▶ _WHAT YOU NEED TO DO_: Give back exactly the lines starting at the one with "Ford Transit 17 of 17" and ending at the last line of the data below. Pictures are not part of the copy.

Start of MATERIAL PROVIDED

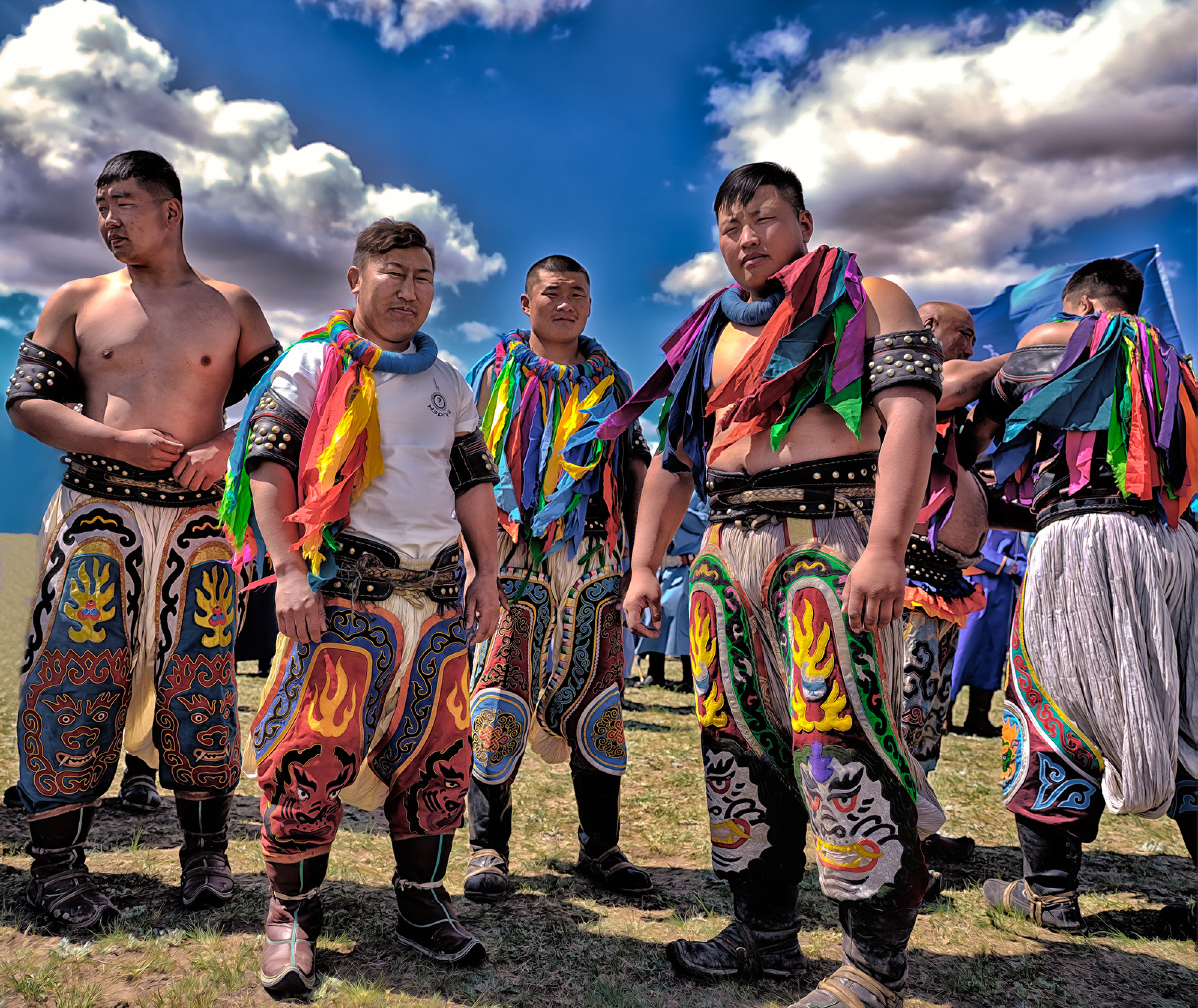 蒙古族搏克手群像
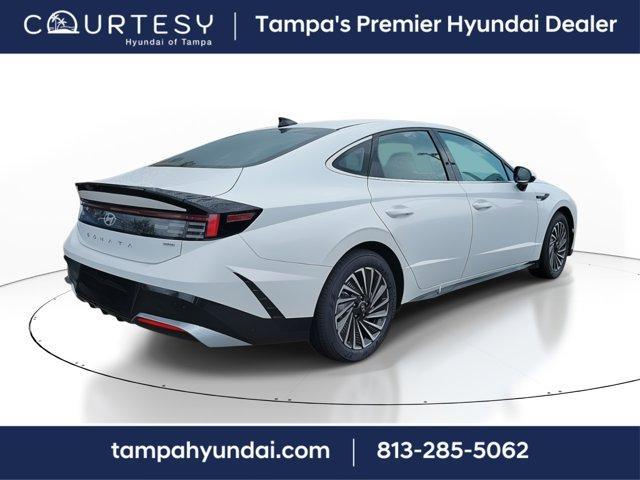 new 2025 Hyundai Sonata Hybrid car, priced at $30,774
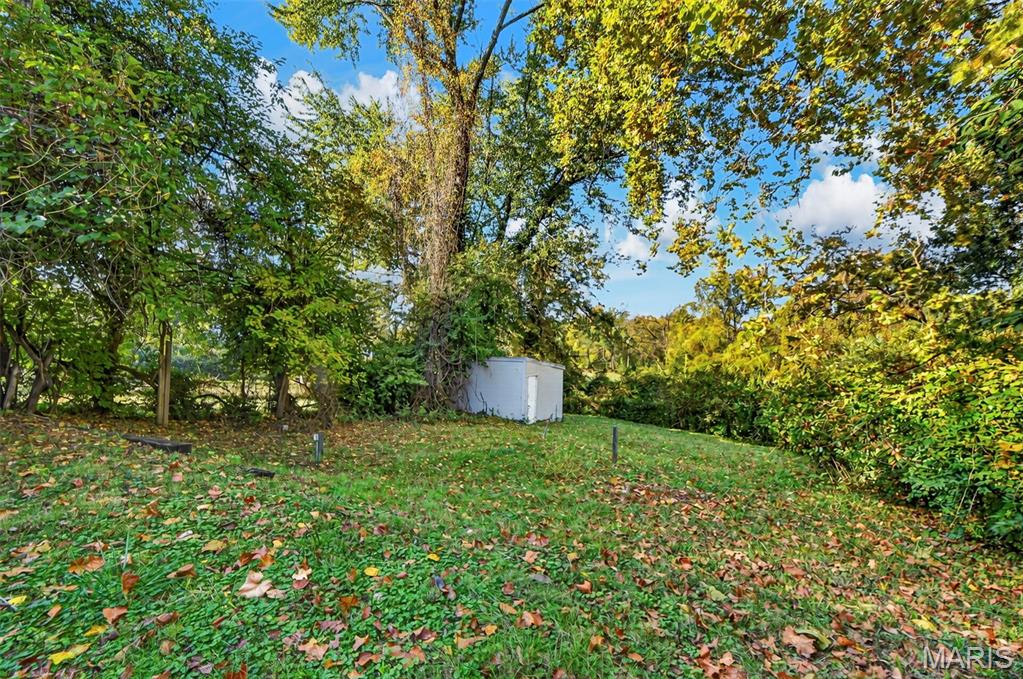 729 Beardsley Court Property Photo 19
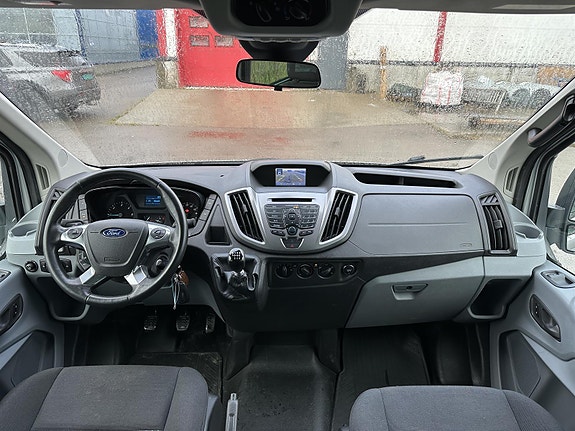 Ford Transit 17 of 17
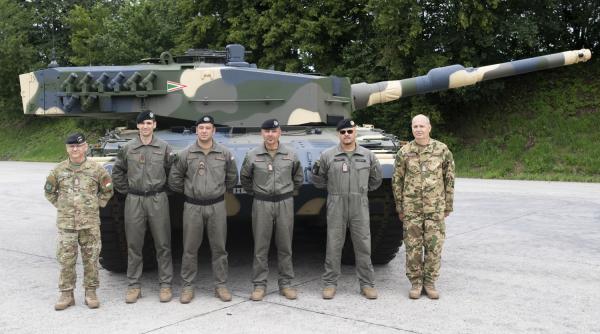 Ungaria a primit primele două tancuri germane Leopard 2A4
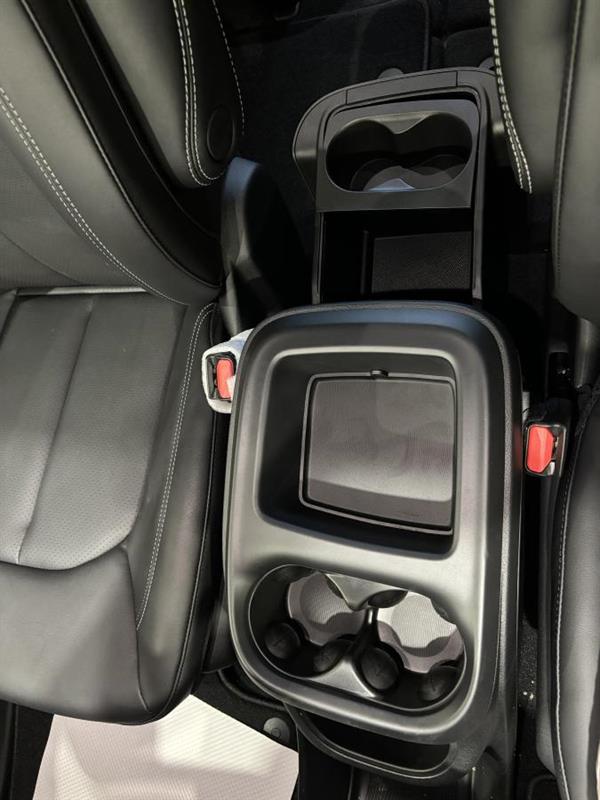 chrysler Pacifica 2026 - 23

End of MATERIAL PROVIDED

▶ _EXERCISE RESPONSE_:
 Ford Transit 17 of 17
 Ungaria a primit primele două tancuri germane Leopard 2A4
 chrysler Pacifica 2026 - 23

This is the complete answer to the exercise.